Muhatabınız çevreniz ihvanınız eshabınız senin beslendiğin yerden besleniyorlarsa sıkıntı yok.
ashabınızla farklı kulvarda iseniz profilinizin şeması şu ;
Cömert olursun aptal,cimri olursun pinti sanırlar.
İyi niyetli olursun hunharca kullanırlar.
Doğru bildiğini yaparsın eleştirirler.
maddi manevi ilerlersin kıskanırlar.
Seversin kıymet bilmezler.
İnsan olabilmek en zor şeydir bu hayatta...
çelişki yok kafalar karışmasın.herkes kendine yakışanı yapar.ve vahy öğrencisine de vahy yakışır.yani el ne der ile zaman israf edilmez.Allah ne der parolamızdır inşaallah.el ne der parolası ile ruhumuza toksitten başka vereceğimiz bir şey yoktur.

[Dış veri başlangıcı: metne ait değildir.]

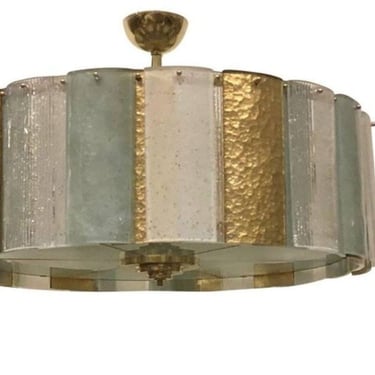 Vintage Italian Brass &amp; Murano Glass Chandelier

Konunun temasına gelirsek;
fitnenin kapısını açacaksa acıtsa da içimizde kalmalı.fitne riski yoksa kendinize zülm edip stres depolamayın şeffaf olun derim.)
sukutu ezber hocam,sukutu ezberleyıp şahsınıza sünnet yaparsanız birikimler birikir... antidepresan ilaçları çok riskli kıymayın kendinize.yemek tuzlu ise veya tuzsuz ise lütfen "el ne der" hatırına kendinize eziyet etmeyın.)
laz hocanın ifrat tefrit tesbitinde buluşuyoruz; "Kusurları da hoyrat sergiliyoruz, sevinçleri de.."
laz hocam fitne ye yol açmıyacak vahy çerçevesini aşmayacak bir durumda içine atma biriktirme sal gitsin.